1. It is set in a bookstore
This isn’t your run of the mill Barnes & Noble, Howling Books is a fictional independent second-hand bookstore in the suburbs of Melbourne. Crowley has created a book lovers paradise. It has a reading garden and a “Letter Library” which is a section of books where customers can leave notes in the margins, circle poignant passages or put letters inside for other people to find. I loved the idea of having a letter library and I wish that it was a real thing. I would spend hours reading through other people’s letters and notes because that’s the kind of voyeuristic person I am. Basically, I want to live at Howling Books.
Words in Deep Blue is peppered with references to other novels and authors. It’s a great way to get recommendations of other things to read. And not just classics. I was particularly happy to see Crowley mention Summer Skin by Kirsty Eagar (one of my other favourite reads from this year) and John Green as well as books like A Visit From the Goon Squad and On The Road.
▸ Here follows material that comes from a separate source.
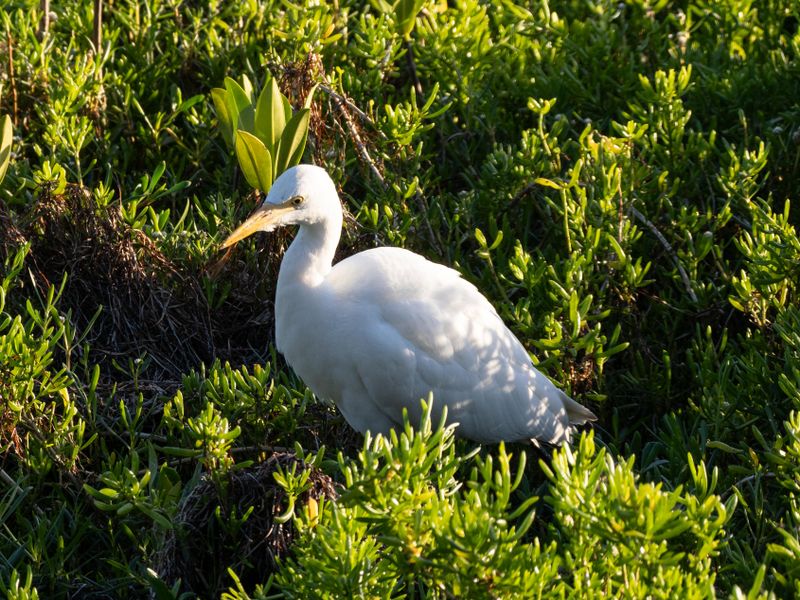 Cattle Egret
If you are like me and love books about books then you will love this.
3. Plenty of bants
The snappy dialogue and banter made this a very entertaining read. Henry is a typical boy i.e. clueless. But he is still endearing and charming. I loved the dialogue back and forth between him and Rachel. Henry’s little sister George who is a bit off-beat and a lot sarcastic was also a favourite character of mine.
Words in Deep Blue is a love story. Not only is it a love story between Henry and Rachel, two best friends, but it is a love story about books and bookstores. And really, what’s not to love about that?